I was chatting with our school psychiatrist the other afternoon. We were having one of those, "what is going on with these kids?" moments. In multiple classrooms, we have multiple kids, whose needs seem to be above and beyond what we are capable of meeting. We have runners, we have screamers, we have biters. Thinking quickly, I can count 4 classrooms that have more than one child in each room that routinely needs to be restrained.

The school psychiatrist said it's not just us. Other schools she works in are experiencing the same thing.

"Shut up" I said. No one has it like us.

"Oh but yes, they do." she says.

My mind immediately starts thinking back to 5 years plus or minus 40 weeks ago. What world event was going on that caused people to shag, and then bring a child into a world where the environment was so stressful that might have caused this?

She immediately said, "it's the lack of play, don't you think?"

Hmmmmm. Yep, I can see that.

I've only been teaching kindergarten for 5 years. In those 5 years alone I have seen the elimination of nap time, a decrease in play within the classroom, a decrease in free play outside, and in turn an increase in structured time like Reading Workshop, Writing Workshop, and Math Workshop. I am testing more this year than last. Last year I tested more than the previous. We talk about common assessment (TESTS), results (TESTS), and remediation for kids based on those assessments (PREP FOR FUTURE TESTS).

I like the structure of all the workshops because I am a structured person. That doesn't mean it's the best for 5 year olds. I do think our day lacks play, and while I do try to make centers in the workshops fun and hands-on, it's certainly not play.

Is this our fault? Are we creating these little runners, biters, and screamers?
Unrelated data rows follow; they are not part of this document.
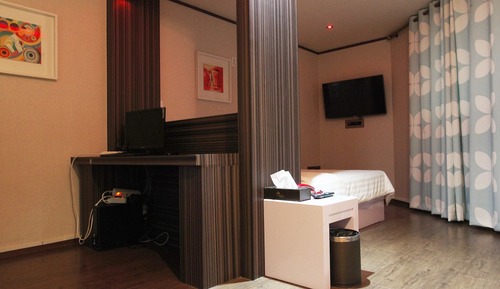 Room (Semi-special room)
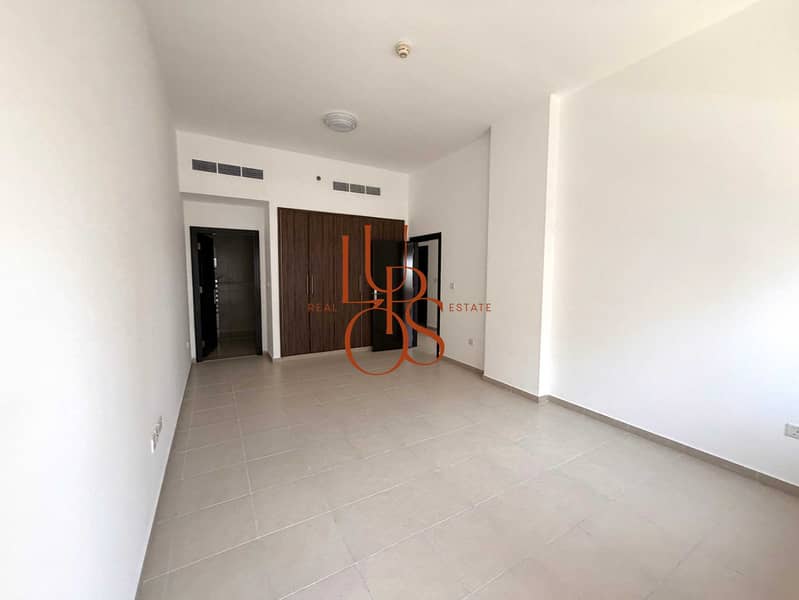 Bright 1BR | Modern Living | Prime DSO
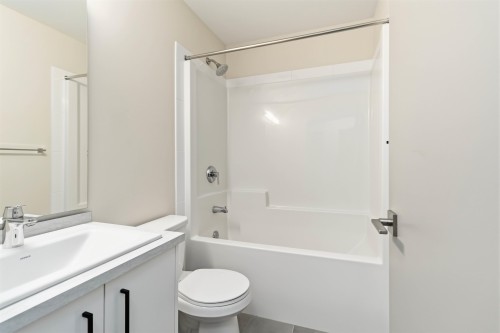 211-46150 Thomas Road, Chilliwack, BC 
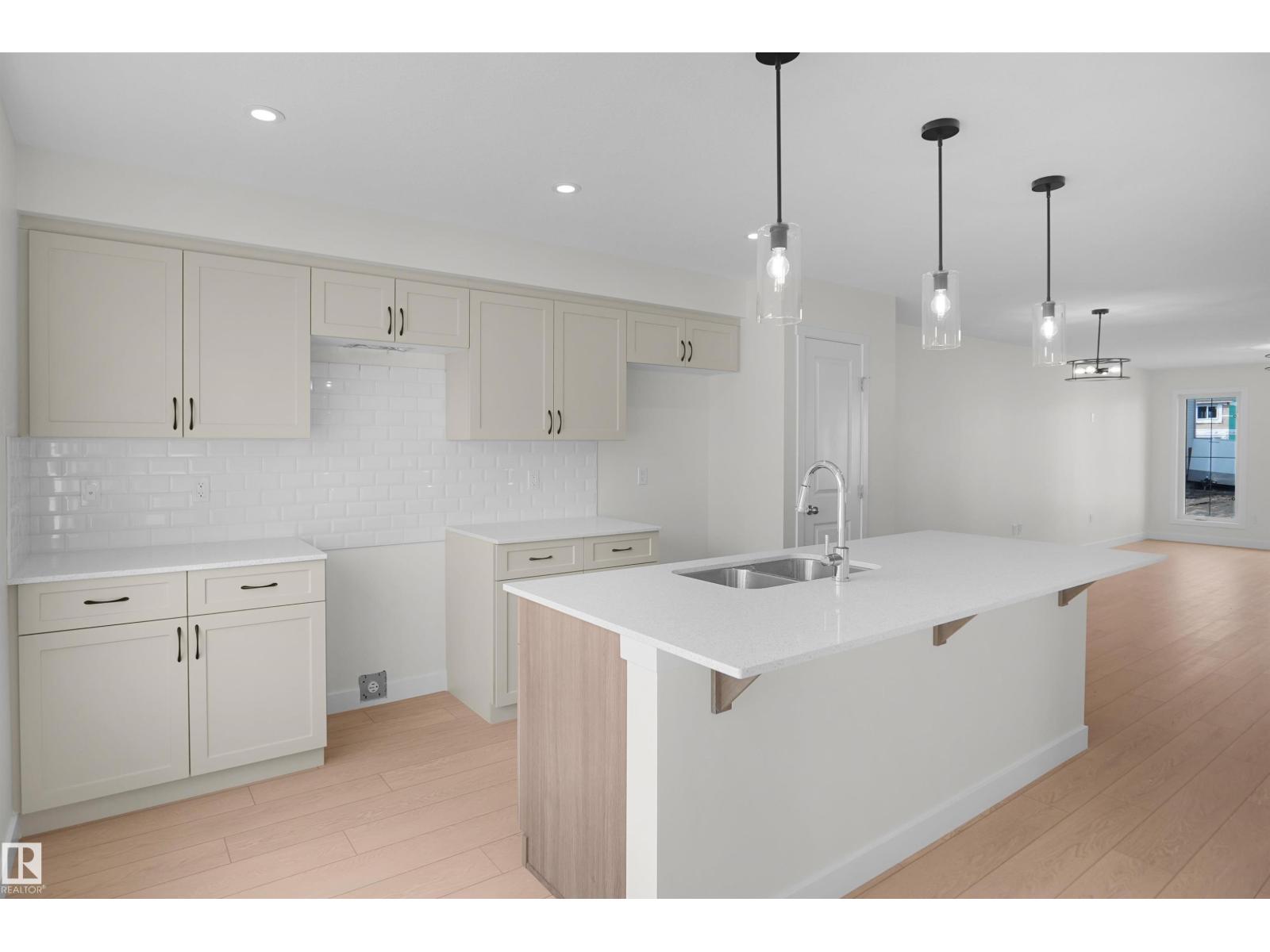 15 Elis Li Property Photo 12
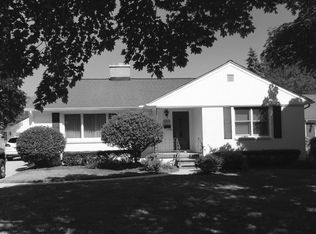 317 Birney St, Essexville, MI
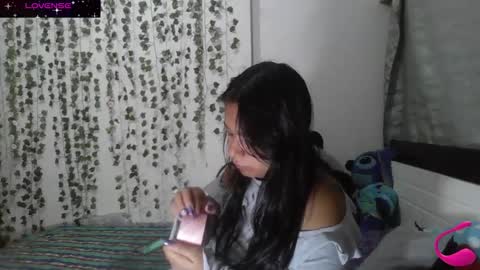 charis_bellota online show from December 24, 2024, 12:55 pm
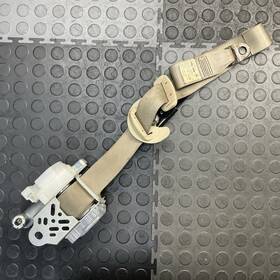 2h5n10228 Lexus 2004-2009 Rx 330 Front Right Passenger Side Seat Belt Retractor Tongue Oem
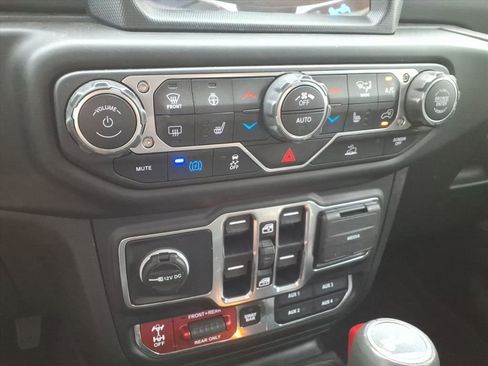 Used 2022 Jeep Wrangler Unlimited Rubicon 4xe w/ Steel Bumper Group image 16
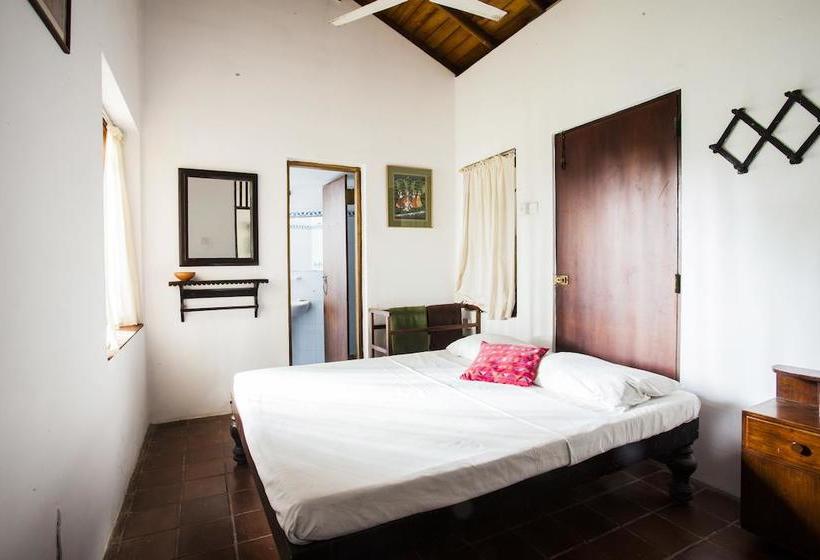 בית מלון כפרי Surf Lanka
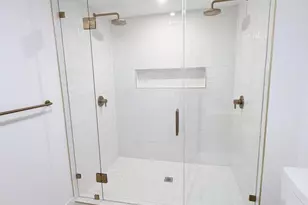 90 NE 32nd Street NE, Miami, FL 33137 - Photo 10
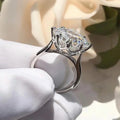 Bague en or intemporelle avec zircon cubique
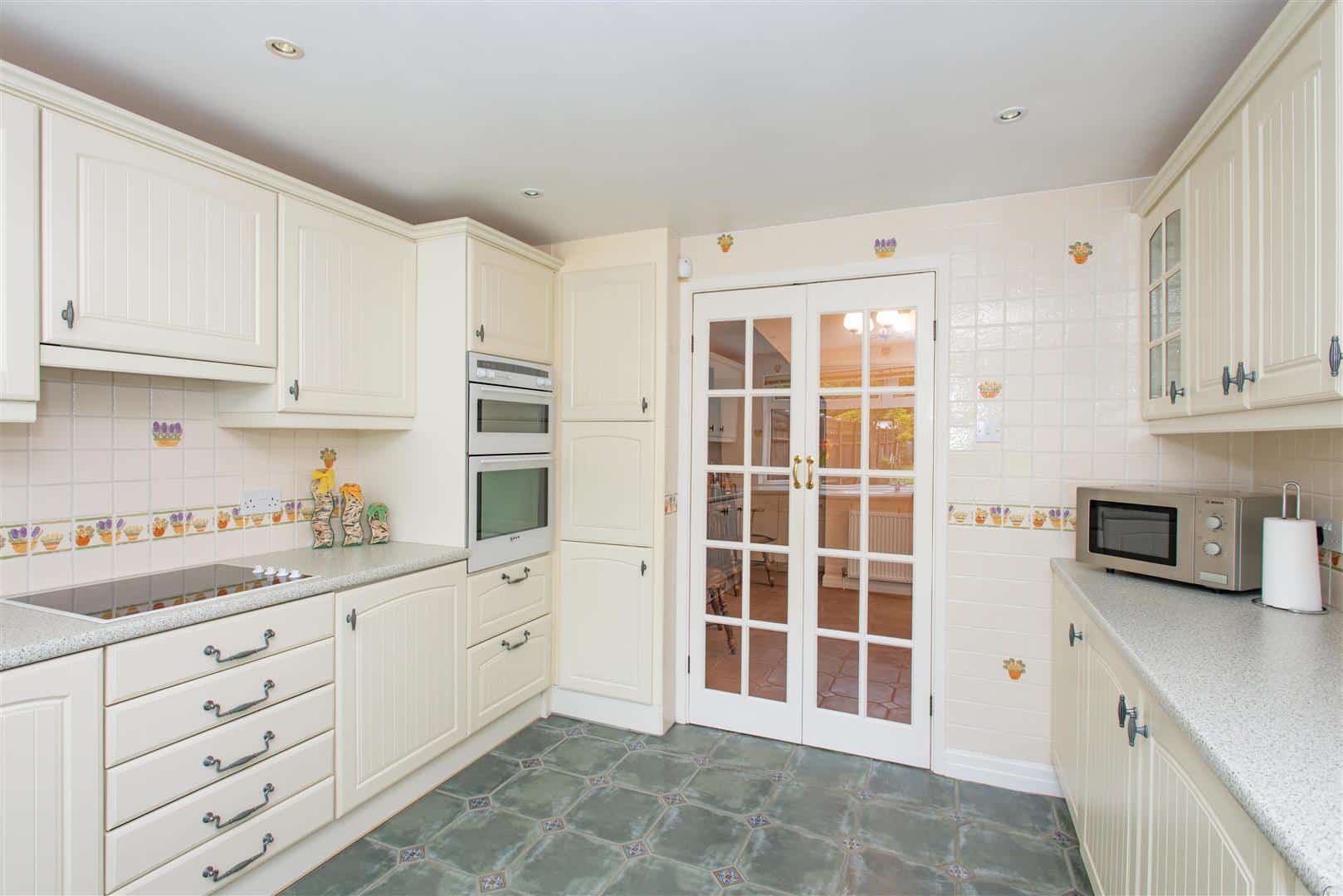 2 bed semidetached house for sale in Crescent Drive, Petts Wood Edmund Estate Agents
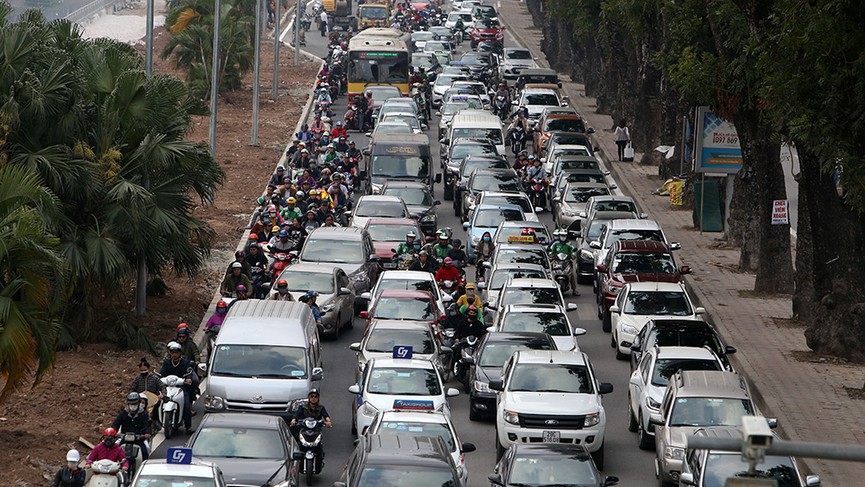 Chôn chân hàng giờ vì ùn tắc kinh hoàng trong ngày 27 Tết - ảnh 3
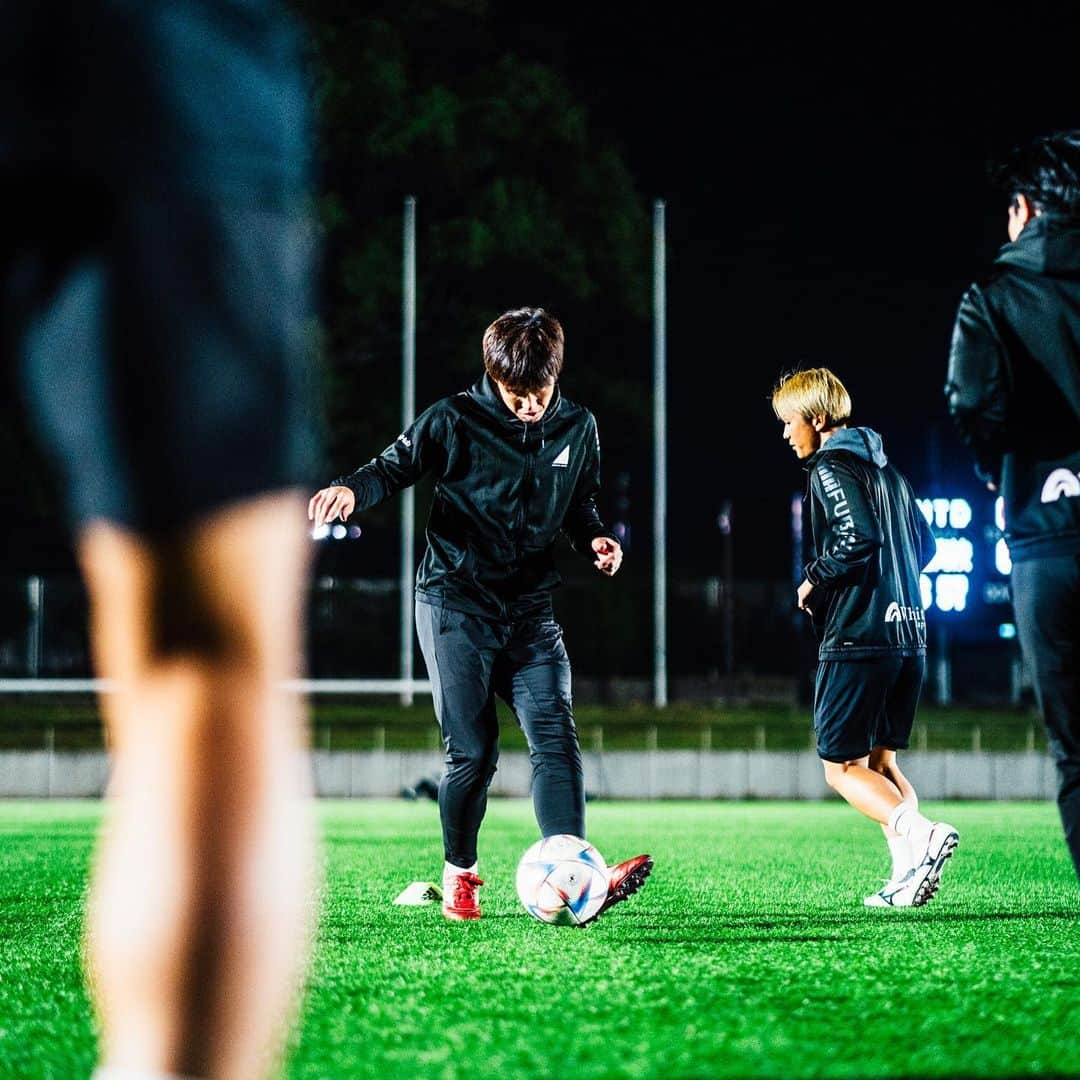 福田健人のインスタグラム：「Let's Warm-up first...🏃‍♂️🔥  📸: @footgrapher / @y__stadium   WE ARE @setagayaunited   #フットボールを拡張しろ」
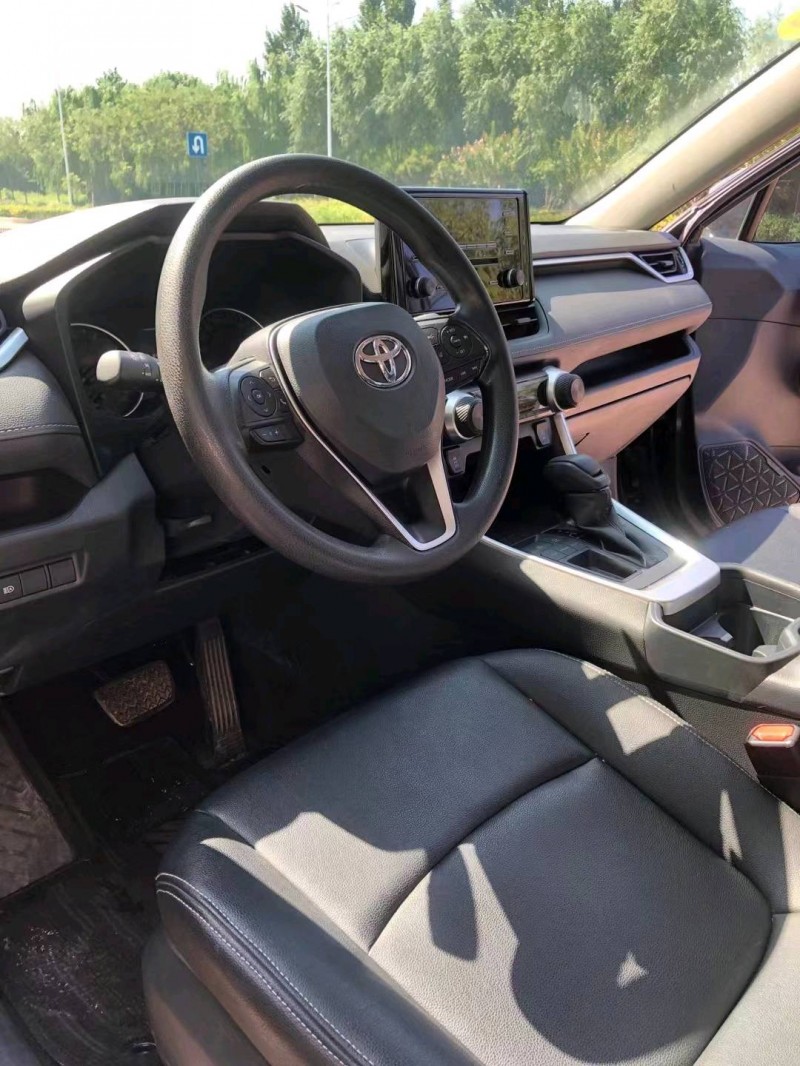 枣庄21年丰田RAV4荣放6
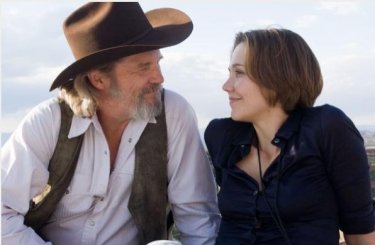 Jeff Bridges e Maggie Gyllenhaal nel film Crazy Heart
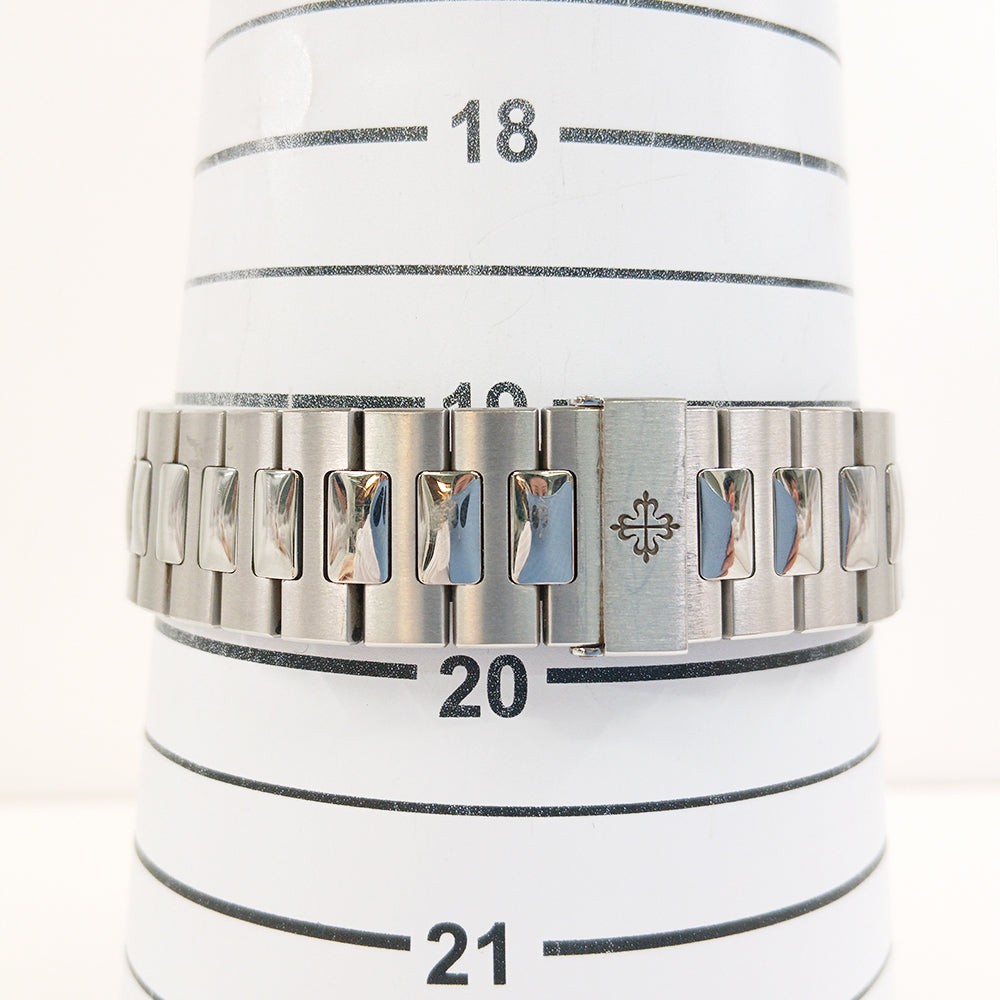 Patek Philippe Nautilus 5726/1A-014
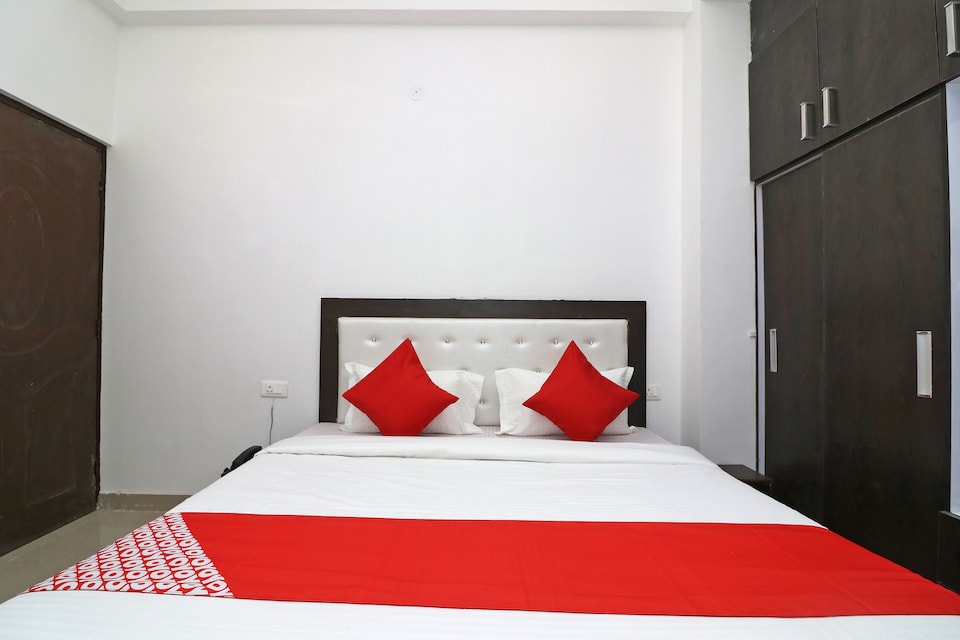 Capital O 43252 The Avenue Stay, Rajpur Road Dehradun, Dehradun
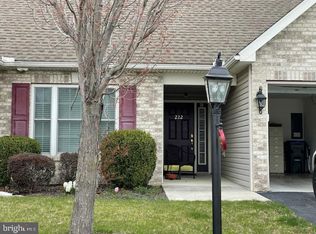 222 Touchstone Dr, Carlisle, PA 17015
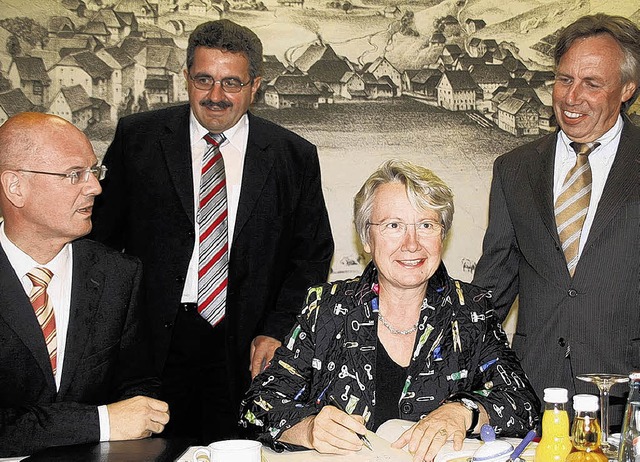 Bundesbildungsministerin Annette Schav...h und Brgermeister Richard Krieg zu.   | Foto: Frderer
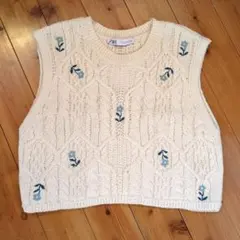 ZARA アイボリー ニットベスト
But what does a classroom teacher do? Defy the rules and close the door?

Something to chew on, no?

Doing the math

We have parent conferences coming up. Many, actually most, of our students have Spanish speaking parents. In my classroom alone, over the past 5 years, I have had only 3 - 5 students whose parents speak English each year.

This is the message we received from our office staff: The school district is only providing us with two Spanish speaking translators for both parent conference days, and two more that will only be here for a half day. FOR THE WHOLE SCHOOL. We have around 900 students.

We have 9 kindergarten classes alone. Each conference is 20 minutes which is never enough. Each class has 20 - 22 kids.

We have three fabulous instructional assistants in kindergarten who speak Spanish. They have been asked to help the entire kindergarten. The math alone on that doesn't work, but it's a step in the right direction.

Everyone else has to request slots and we're already receiving emails from staff saying, "there are no more slots, can anyone help?" This is not the fault of our school, there simply is not enough support to go around. Two full day and two half day translators will not come close to meeting our needs. The math simply doesn't work.

When discussing parent-teacher communication, parent involvement, home-school connection, etc., keep in mind that if translation resources aren't made available, none of those things are possible.